Describe the physical meaning of the various components of the stress-energy tensor $T^{a b}$ of the electromagnetic field.

Suppose that one is given an electric field $\mathbf{E}(\mathbf{x})$ and a magnetic field $\mathbf{B}(\mathbf{x})$. Show that the angular momentum about the origin of these fields is

$$\mathbf{J}=\frac{1}{\mu_{0}} \int \mathbf{x} \times(\mathbf{E} \times \mathbf{B}) d^{3} \mathbf{x}$$

where the integral is taken over all space.
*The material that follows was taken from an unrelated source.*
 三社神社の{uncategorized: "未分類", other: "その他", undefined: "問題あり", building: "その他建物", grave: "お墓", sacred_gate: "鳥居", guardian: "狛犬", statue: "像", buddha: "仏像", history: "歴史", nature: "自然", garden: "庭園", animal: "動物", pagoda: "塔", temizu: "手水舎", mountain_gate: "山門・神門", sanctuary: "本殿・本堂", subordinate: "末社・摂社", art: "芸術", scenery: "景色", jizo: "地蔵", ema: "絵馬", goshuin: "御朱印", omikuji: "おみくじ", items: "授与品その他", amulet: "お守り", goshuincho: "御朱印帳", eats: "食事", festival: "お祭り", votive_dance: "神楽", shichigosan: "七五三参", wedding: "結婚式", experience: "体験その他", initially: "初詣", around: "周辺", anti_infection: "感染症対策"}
A point electric charge $Q$ is at the origin, and has electric field

$$\mathbf{E}=\frac{Q}{4 \pi \epsilon_{0}} \frac{\mathbf{x}}{|\mathbf{x}|^{3}}$$

A point magnetic monopole of strength $P$ is at $\mathbf{y}$ and has magnetic field

$$\mathbf{B}=\frac{\mu_{0} P}{4 \pi} \frac{\mathbf{x}-\mathbf{y}}{|\mathbf{x}-\mathbf{y}|^{3}}$$

Find the component, along the axis between the electric charge and the magnetic monopole, of the angular momentum of the electromagnetic field about the origin.

[Hint: You may find it helpful to express both $\mathbf{E}$ and $\mathbf{B}$ as gradients of scalar potentials.]